TASK TO COMPLETE: From the line with "Dola silk saree" to the end of the data below, restate each line word for word, both ends included, without the pictures.

PROVIDED ENTRIES:
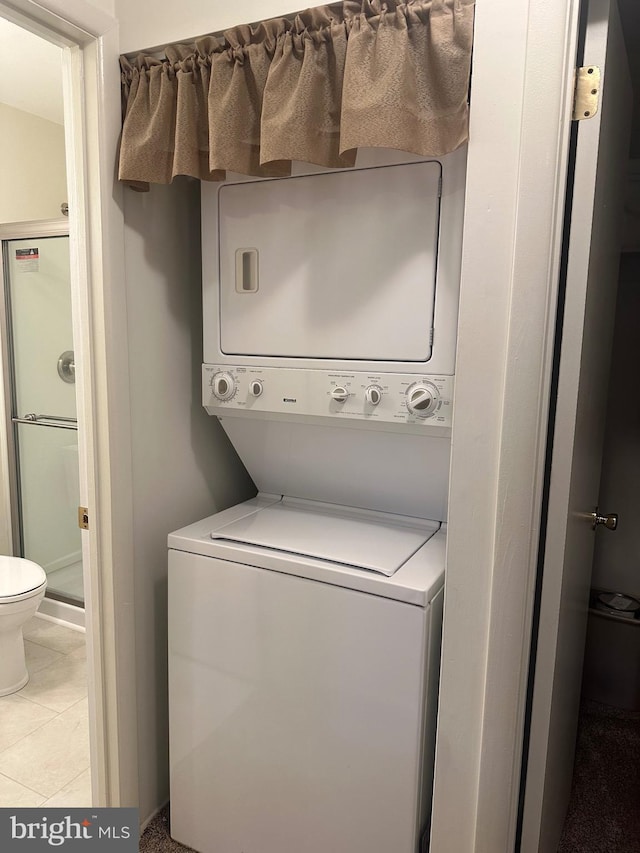 washroom with light tile patterned floors and stacked washing maching and dryer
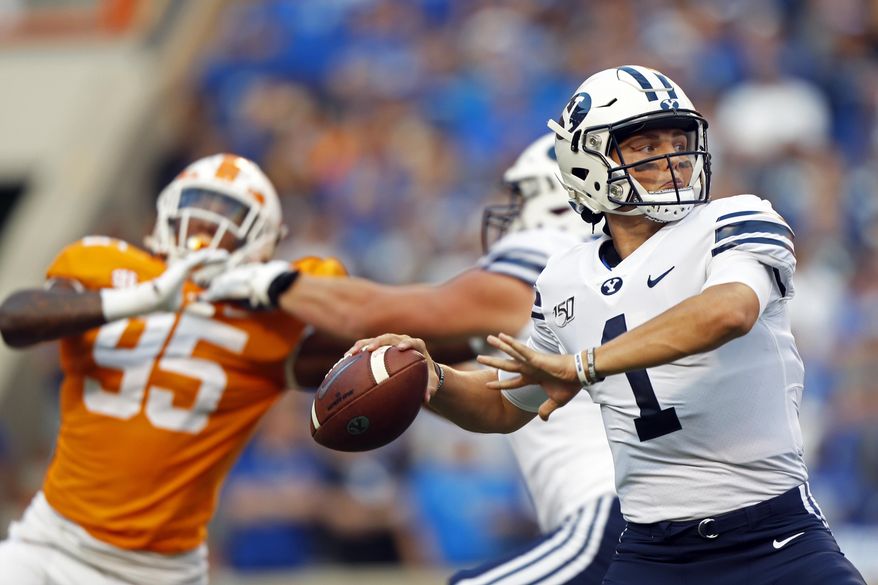 Brigham Young quarterback Zach Wilson (1) throws to a receiver in the first half of an NCAA college football game against Tennessee Saturday, Sept. 7, 2019, in Knoxville, Tenn. (AP Photo/Wade Payne)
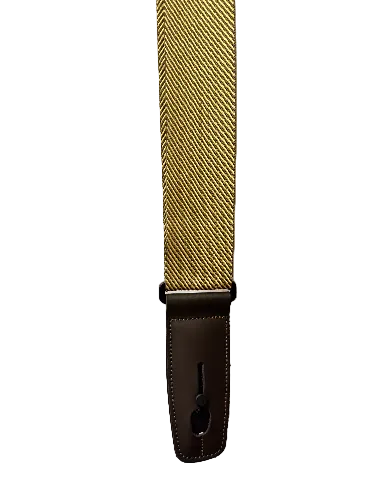 A close-up of the Lock-It Tweed Strap, featuring a tan and yellow herringbone pattern with a dark brown leather end piece.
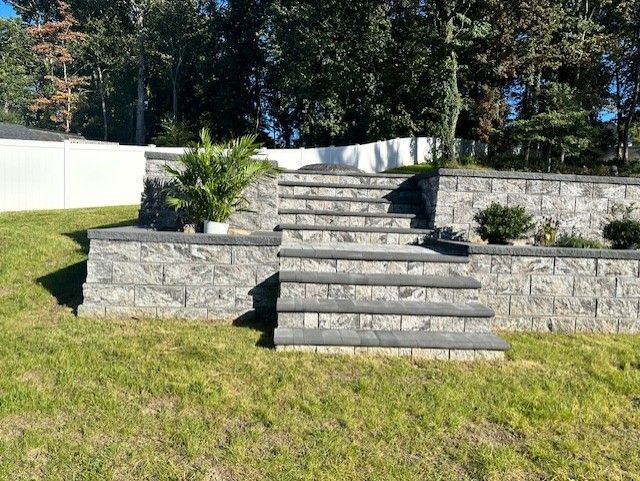 A set of stairs leading up to a brick wall in a yard.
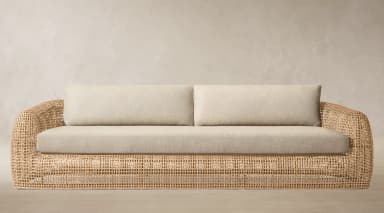 A contemporary sofa featuring a curved, open-weave rattan frame and soft, light-colored upholstered cushions on the seat and back. — 3D model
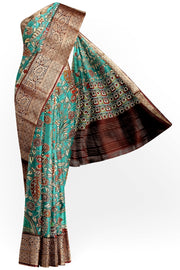 Dola silk saree with floral vines & peacocks in green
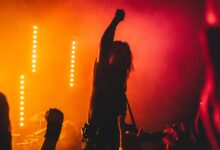 silhouette of woman singing on stage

EXERCISE ANSWER:
 Dola silk saree with floral vines & peacocks in green
 silhouette of woman singing on stage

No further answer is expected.